Tech watchers usually point to 2007 as the year when Africa’s fourth industrial revolution started. That was when Kenya’s Safaricom launched its M-pesa mobile cashtransfer service in a market that was short on conventional banking services but flush with basic cellphones. It was followed in the same year by the Ushahidi app, designed to track violence in Kenya’s contested presidential election.
Within three years M-pesa was moving millions of dollars internationally, Ushahidi had become a multinational tech company and ihub had been founded in Nairobi as a tech incubator by Ushahidi’s co-founder, Kenyan-raised American Erik Hersman.
All this was enabled by a new undersea fibreoptic cable that dramatically increased East African bandwidth.
The proliferation of innovation centres on the ihub model was driven by mobile and internet penetration: between 2000 and
2017 internet growth on the continent rose from 4.5m to 4.5bn users. The latter figure represented 35.2% of the total population. Close on half the people in countries such as Algeria, Cape Verde, Egypt, Nigeria and SA are online, with Kenya far ahead at 85%.
Internet usage is linked to smartphone penetration as users go mobile, overwhelmingly via 3G, according to the “Mobile Economy 2018” report by the GSM Association (GSMA). The organisation represents the interests of mobile network operators worldwide.
The digital divide is greatest in sub-saharan Africa, the report says. By last year, mobile internet penetration in the region had reached 21%. It is projected to hit 40%, or 280m users, by 2025. This is the world’s largest increase.
By 2016, Nairobi’s Silicon Savannah — the term refers to Kenya’s tech ecosystem — was solidly established. IBM had poured $100m into forming an African research centre with its own supercomputer.
Today, Us-based Fab Foundation, in collaboration with Zambia’s Bongohive, maintains a register of 226 innovation hubs, tech collaboration zones, “makerspaces”, and “hackerspaces” across Africa — up from 170 in 2015, when the register was set up.

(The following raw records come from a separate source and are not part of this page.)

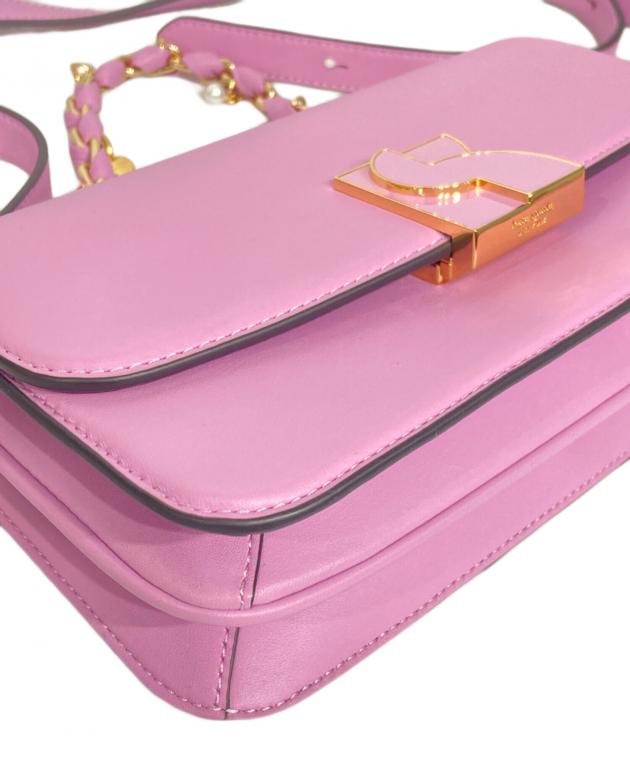 中古・古着通販】Kate Spade (ケイトスペード) Dakota Heart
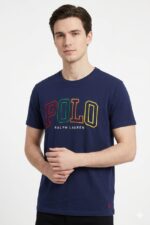 Polo Ralph Lauren caballero - Imagen 2
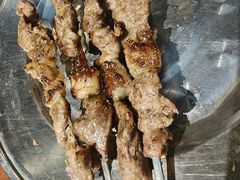 -来顺成饭庄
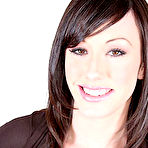 Pic of Amateur Allure - Beautiful Cum Swallowing Amateurs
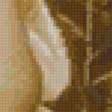 Preview of cross stitch pattern: #24784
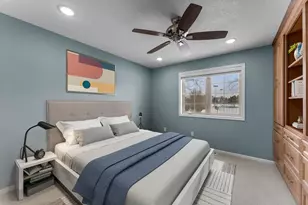 2971 David Cir, Little Canada, MN 55117 - Photo 30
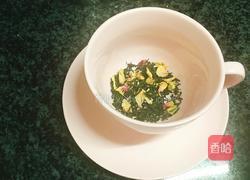 英式早餐的做法图解2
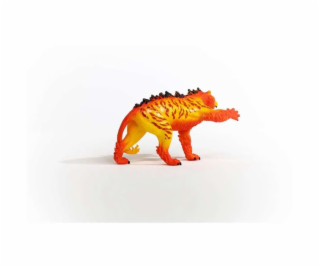 Schleich Eldrador Creatures Lava Tiger                 70148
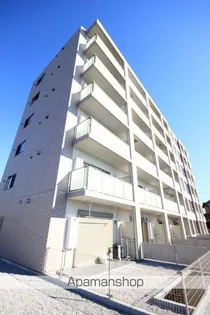 ジャルダン ドゥテの画像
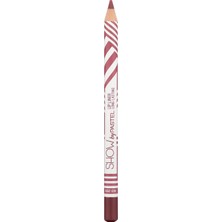 1001 Pastel Show By Pastel Lip Liner 209 1.14G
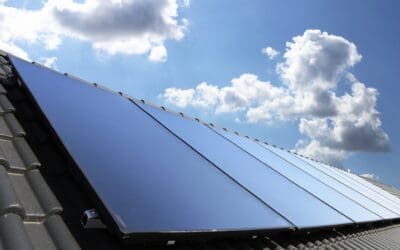 What Are the Factors that Affect the Performance of Solar PV?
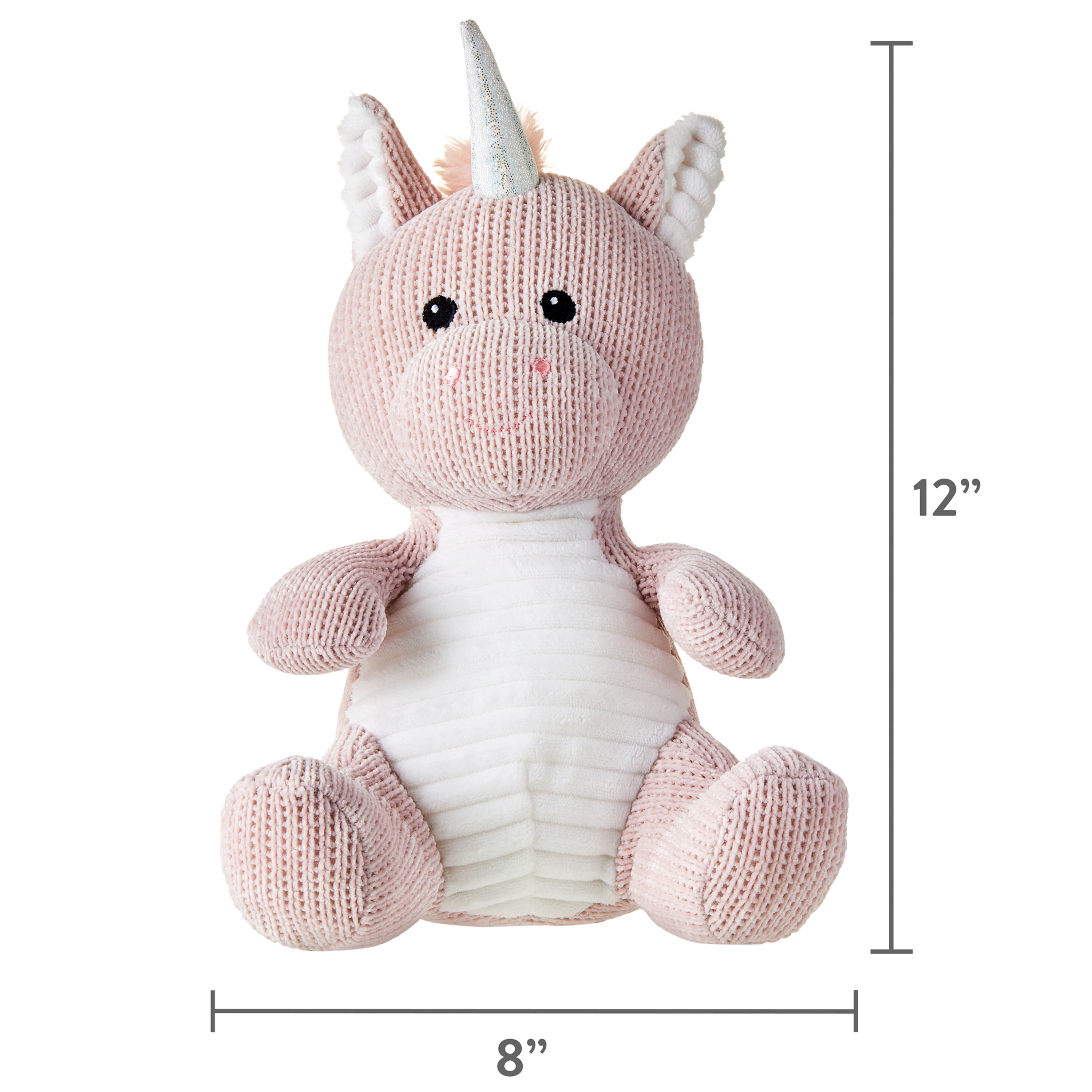 その他 emDASHxSNKRDUNK Soft VinylToy ☆最安値！☆emDASH x SNKRDUNK Soft VinylToy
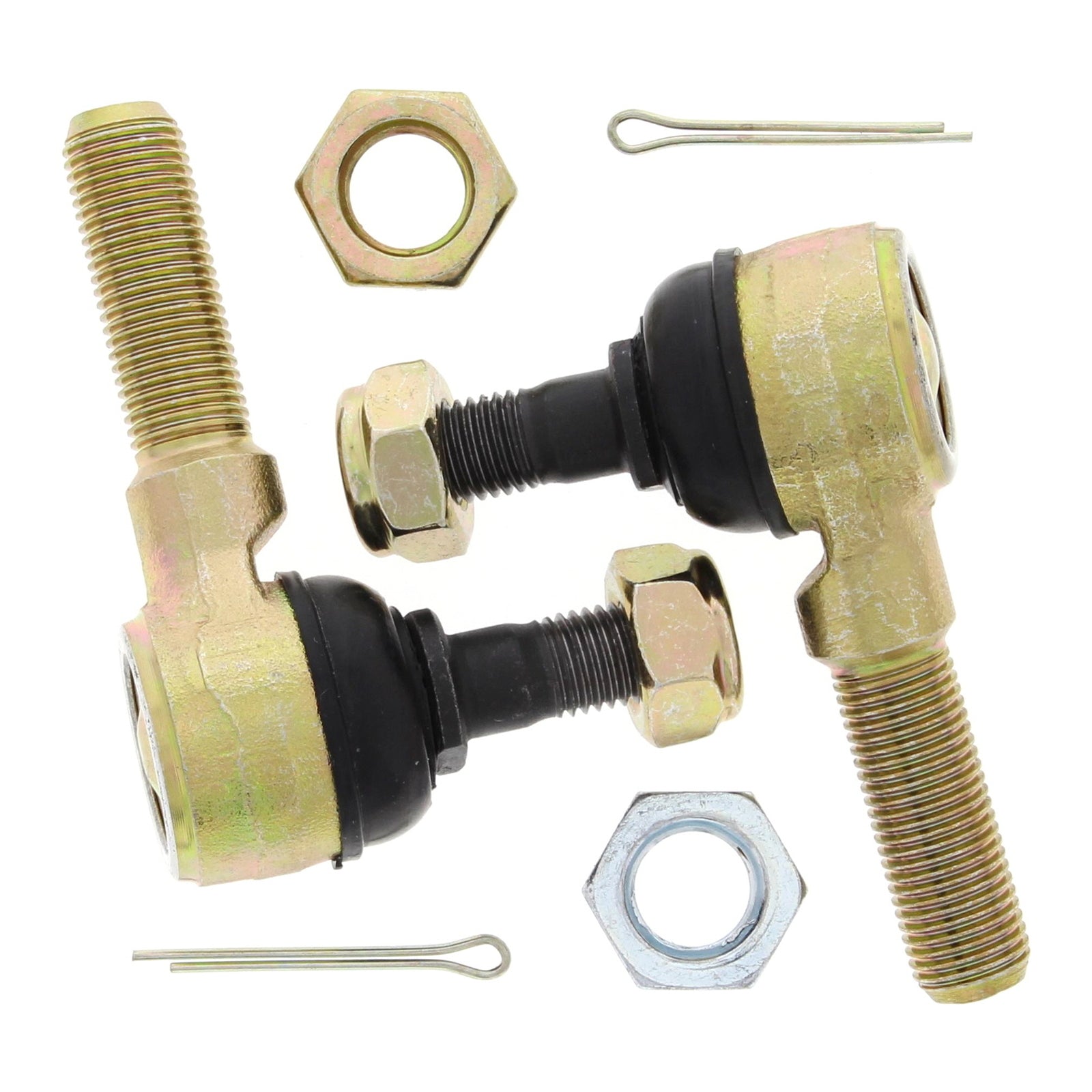Tie Rod End Kit 51-1017 (1xLHS + 1xRHS)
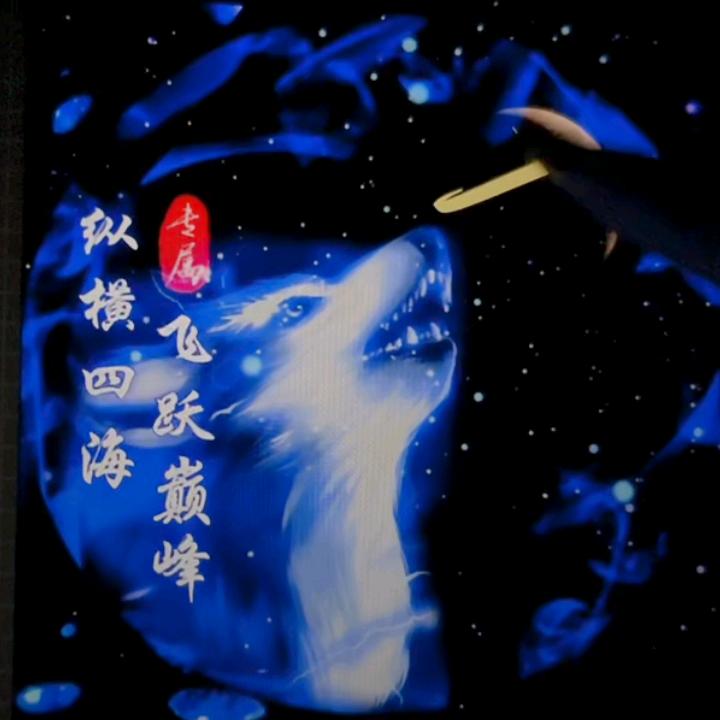 ꧁꫞꯭《纵横四海。。。飞跃巅☞峰☜》꫞꧂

GSMA has its own list of 314 hubs operating in 93 cities across 42 countries — though half are concentrated in SA, Kenya, Egypt, Morocco and Nigeria. Some of these are mere online collaborations, others are fully serviced suburbs. Together they have 1.5m Facebook followers.
And Silicon Valley venture capital is flowing swiftly to these initiatives: Aubrey Hruby and Jake Bright, authors of The Next Africa, say they “project at least $1bn in venture capital investment in Africa’s tech start-ups for the period 2012-2018”.
The GSMA report says: “Mobile operators such as Vodacom, MTN and Orange have formed a number of successful collaborations with start-ups in Africa.” It gives the example of Orange Digital, which launched a €50m investment fund for African start-ups last June.